|Publication number||US5685081 A|
|Application number||US 08/525,225|
|Publication date||Nov 11, 1997|
|Filing date||Sep 8, 1995|
|Priority date||Sep 8, 1995|
|Publication number||08525225, 525225, US 5685081 A, US 5685081A, US-A-5685081, US5685081 A, US5685081A|
|Original Assignee||Winegar; Mike|
|Export Citation||BiBTeX, EndNote, RefMan|
|Patent Citations (28), Referenced by (59), Classifications (5), Legal Events (3)|
|External Links: USPTO, USPTO Assignment, Espacenet|
I. Field of the Invention
This invention relates generally to archery equipment and more particularly to an aiming device for attachment to a sight mount of an archery bow. The aiming device includes a light collecting fiber optic rod protected by a sheath. The sheath includes a window that increases the amount of light collecting surface area of the fiber optic rod exposed to light. The aiming device also includes an inexpensive, fine tuning, adjustment for adjusting the position of the sighting face relative to the sight mount.

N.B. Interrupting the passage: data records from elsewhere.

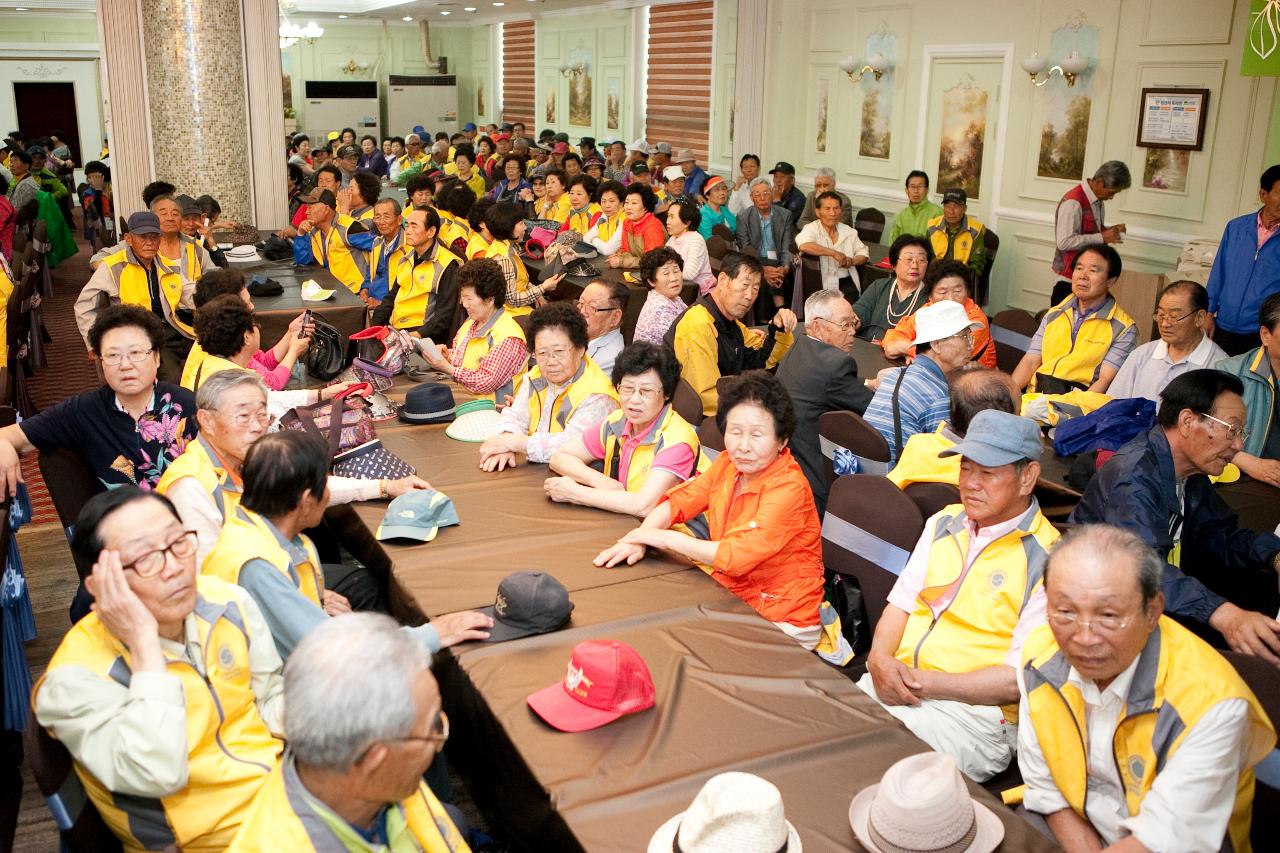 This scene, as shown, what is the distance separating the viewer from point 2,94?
21.1m

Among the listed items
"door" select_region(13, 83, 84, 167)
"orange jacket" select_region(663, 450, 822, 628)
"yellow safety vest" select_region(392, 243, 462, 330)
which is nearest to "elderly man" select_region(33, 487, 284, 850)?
"orange jacket" select_region(663, 450, 822, 628)

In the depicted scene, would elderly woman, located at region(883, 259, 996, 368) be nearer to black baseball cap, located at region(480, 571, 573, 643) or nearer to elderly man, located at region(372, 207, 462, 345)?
elderly man, located at region(372, 207, 462, 345)

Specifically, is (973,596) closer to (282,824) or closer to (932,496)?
(932,496)

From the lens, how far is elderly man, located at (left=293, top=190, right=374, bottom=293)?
773 centimetres

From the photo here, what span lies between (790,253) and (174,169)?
5275 mm

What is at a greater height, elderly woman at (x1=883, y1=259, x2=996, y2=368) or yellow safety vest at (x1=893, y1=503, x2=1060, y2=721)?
elderly woman at (x1=883, y1=259, x2=996, y2=368)

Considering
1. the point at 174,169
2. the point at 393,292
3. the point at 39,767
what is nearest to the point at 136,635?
the point at 39,767

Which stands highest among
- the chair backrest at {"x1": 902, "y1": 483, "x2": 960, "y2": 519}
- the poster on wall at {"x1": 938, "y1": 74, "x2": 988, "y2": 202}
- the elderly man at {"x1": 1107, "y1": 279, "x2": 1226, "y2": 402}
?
the poster on wall at {"x1": 938, "y1": 74, "x2": 988, "y2": 202}

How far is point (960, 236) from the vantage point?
29.3 feet

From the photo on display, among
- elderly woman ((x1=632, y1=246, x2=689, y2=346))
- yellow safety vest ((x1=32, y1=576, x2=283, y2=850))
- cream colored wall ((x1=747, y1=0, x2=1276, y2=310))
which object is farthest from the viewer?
cream colored wall ((x1=747, y1=0, x2=1276, y2=310))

II. Discussion of the Related Art
Over the years, continued refinements have been made to the archery bow. Various aiming devices have been attached to the bow to assist the archer in aiming the bow. Specifically, sight pins, scopes, notches, cross hairs, etc. have been mounted onto the bow and used as a reference point for the archer when aiming at a particular object. The sight pins have been mounted to mounting brackets which are in turn mounted to the archer's bow. These sighting pins generally include a threaded body portion tapering to a point or sighting face. Mounting sleeves engage with the thread of the body portion and are used to fasten the sighting pin to the sighting bracket.

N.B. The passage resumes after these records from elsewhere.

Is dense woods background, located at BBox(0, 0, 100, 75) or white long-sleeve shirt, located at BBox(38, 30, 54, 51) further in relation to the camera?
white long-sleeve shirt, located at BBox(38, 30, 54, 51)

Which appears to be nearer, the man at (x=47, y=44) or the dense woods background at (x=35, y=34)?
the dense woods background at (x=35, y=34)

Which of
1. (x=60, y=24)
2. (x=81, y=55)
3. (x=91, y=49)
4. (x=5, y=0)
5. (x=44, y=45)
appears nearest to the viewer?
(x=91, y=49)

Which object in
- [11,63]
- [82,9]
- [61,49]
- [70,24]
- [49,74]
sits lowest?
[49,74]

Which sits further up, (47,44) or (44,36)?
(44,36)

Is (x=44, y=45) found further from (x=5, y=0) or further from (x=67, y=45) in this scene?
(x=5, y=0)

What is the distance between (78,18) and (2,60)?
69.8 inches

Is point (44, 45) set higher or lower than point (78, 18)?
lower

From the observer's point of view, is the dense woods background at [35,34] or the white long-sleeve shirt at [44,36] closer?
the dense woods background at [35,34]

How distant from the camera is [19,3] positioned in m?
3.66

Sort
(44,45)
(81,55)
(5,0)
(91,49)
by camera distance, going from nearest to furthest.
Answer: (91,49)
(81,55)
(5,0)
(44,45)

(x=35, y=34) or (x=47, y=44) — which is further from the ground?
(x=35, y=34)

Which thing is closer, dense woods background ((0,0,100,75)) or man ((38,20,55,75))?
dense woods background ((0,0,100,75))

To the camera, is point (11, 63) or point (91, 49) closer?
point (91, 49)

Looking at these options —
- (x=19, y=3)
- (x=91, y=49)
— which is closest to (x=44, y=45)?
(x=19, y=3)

There are times, when natural ambient light is not sufficient to assist the archer in seeing the sight pin. Various devices have been devised to illuminate the sight pin and assist the archer in seeing the sight pin. The following patents describe an illuminated aiming device whereby the sight is illuminated with the aid of artificial light: Ritter Von Skoda, U.S. Pat. No. 529,424; Meister et al., U.S. Pat. No. 5,152,068; Spencer, U.S. Pat. No. 3,945,127; Hindes, U.S. Pat. No. 4,177,572; Carollo et al., U.S. Pat. No. 4,166,324; Mann et al., U.S. Pat. No. 4,170,071; Robinson, U.S. Pat. No. 4,195,414; Duerst, U.S. Pat. No. 4,325,190; Mason, U.S. Pat. No. 4,400,887; Kowalski, U.S. Pat. No. 4,495,705; Mueller, U.S. Pat. No. 5,375,047; Ziller, U.S. Pat. No. 5,122,932; and Shafer, U.S. Pat. No. 5,341,791. It has now become illegal in many states to hunt with the aid of artificial light including using sights which utilize artificial light. Other record keeping organizations will not keep records if sights utilizing artificial light have been used. Hence, a need exists for a sight pin which the archer may see in low ambient natural light situations without the need of artificial light. Other patents, including Sherman, U.S. Pat. Nos. 5,201,124, 4,928,394, and 5,231,765 and Saunders, U.S. Pat. No. 5,094,002, disclose the use of a light gathering sight element as a portion of the sight pin. None of these patents describe or show the light gathering sight element protected by a sheath. Typically, when an archer carries the bow through woods and brush, the sight pins are likely to come in contact with a twig or branch. During low temperatures, the light emitting element tends to become brittle and easily breaks off or bends when lightly contacted.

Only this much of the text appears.